I’m not sure what to make of the girls in Boarding School, except to say upon entering high school, I knew not one girl who behaved in this way.  They were neither oversexed nor undersexed.  They existed as entities with breasts with suspicious, darting eyes and long hair.  Some girls were more developed than others (as with boys) but none of them looked like Nastassja Kinski!  If I must get intellectual on your collective ass, I would say the repression of the parochial authoritarian as represented by the headmistress, her staff, and the various members of the clergy wandering about in juxtaposition to the “latest American craze”, the rock and/or roll music the kids love creates an intriguing sociological groundswell.  In other words, if the kids like to dance, they’ll also enjoy screwing.

In a minor departure from the source material, the best-selling book, The Passion Flower Hotel by Rosalind Erskine (a revelatory pseudonym for Roger Erskine Longrigg), the girls plot to lose their virginity to the boys in the private school across the lake.  In the book, however, the story becomes an exercise in capitalism as the girls sell their services to the boys.  They have a product, and it’s a seller’s market, if you know what I mean!  While the idea of prostitution is debated, the fulfillment of their sexual needs is paramount.  I love the idea of the girls working out a “tier” system of services and specific pricing.  This movie is proof-positive women belong in the workplace.  Sorry.  At least in management and production.

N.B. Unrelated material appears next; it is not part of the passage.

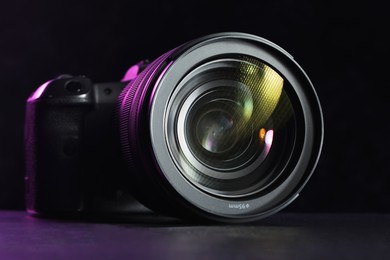 Photo of Modern photo camera on black table, closeup. Photographer's equipment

I wonder if there is a place in the world of film today for a movie like Boarding School.  I think the trivialization of such a hot-button issue as underage sex and willful prostitution would trigger (hate to use that word) massive protests and outrage.  If a movie like this were being made today, the material would have to be handled with sensitivity and sympathy, which would drain all the life out of it.  Think of Boarding School as a reverse-gender variation on Screwballs, except, you know, good.  In fact, the only issue I have with the film is the hideous dubbing on the American version.  I would love to see a cleaned-up European version of the movie.  Erotic movies of this nature received endless play on cable television, specifically The Movie Channel, but because of their pedigree being produced and distributed overseas, they often attained higher notoriety than domestic fare.

Our first cable box was a non-descript metal contraption with a rotary dial and unlimited potential (with no brand name – weird). We flipped it on, and the first thing we noticed was that the reception was crystal-clear; no ghosting, no snow, no fuzzy images. We had the premium package: HBO, Cinemax, The Movie Channel, MTV, Nickelodeon, CNN, The Disney Channel, and the local network affiliates. About $25-$30 a month.  Each week (and sometimes twice a week!), “Vintage Cable Box” explores the wonderful world of premium Cable TV of the early eighties.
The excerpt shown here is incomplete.